WHAT THE TASK ASKS
Every line below between the line holding "Black leather car" and the line holding "Close-up of a bitten", inclusive, should be repeated exactly, and all other lines omitted.

[[ SOURCE DATA open ]]

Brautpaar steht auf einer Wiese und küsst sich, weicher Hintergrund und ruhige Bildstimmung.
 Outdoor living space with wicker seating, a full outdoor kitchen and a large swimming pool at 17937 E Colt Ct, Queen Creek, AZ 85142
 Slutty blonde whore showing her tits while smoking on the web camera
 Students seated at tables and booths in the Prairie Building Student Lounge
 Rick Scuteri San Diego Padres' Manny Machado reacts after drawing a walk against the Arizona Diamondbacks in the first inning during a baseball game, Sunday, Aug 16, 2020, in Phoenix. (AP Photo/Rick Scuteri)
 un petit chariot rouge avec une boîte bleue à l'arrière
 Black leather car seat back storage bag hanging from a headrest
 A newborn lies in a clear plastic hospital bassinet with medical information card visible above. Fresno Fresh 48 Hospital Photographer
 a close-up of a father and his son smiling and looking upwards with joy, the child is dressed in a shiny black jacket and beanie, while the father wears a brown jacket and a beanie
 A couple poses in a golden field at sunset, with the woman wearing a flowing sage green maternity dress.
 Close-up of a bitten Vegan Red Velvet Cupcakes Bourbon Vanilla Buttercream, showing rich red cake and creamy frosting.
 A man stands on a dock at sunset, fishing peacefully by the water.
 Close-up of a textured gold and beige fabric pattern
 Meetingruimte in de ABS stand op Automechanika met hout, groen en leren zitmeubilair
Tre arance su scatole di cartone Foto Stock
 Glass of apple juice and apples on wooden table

[[ SOURCE DATA closed ]]

YOUR RESPONSE
 Black leather car seat back storage bag hanging from a headrest
 A newborn lies in a clear plastic hospital bassinet with medical information card visible above. Fresno Fresh 48 Hospital Photographer
 a close-up of a father and his son smiling and looking upwards with joy, the child is dressed in a shiny black jacket and beanie, while the father wears a brown jacket and a beanie
 A couple poses in a golden field at sunset, with the woman wearing a flowing sage green maternity dress.
 Close-up of a bitten Vegan Red Velvet Cupcakes Bourbon Vanilla Buttercream, showing rich red cake and creamy frosting.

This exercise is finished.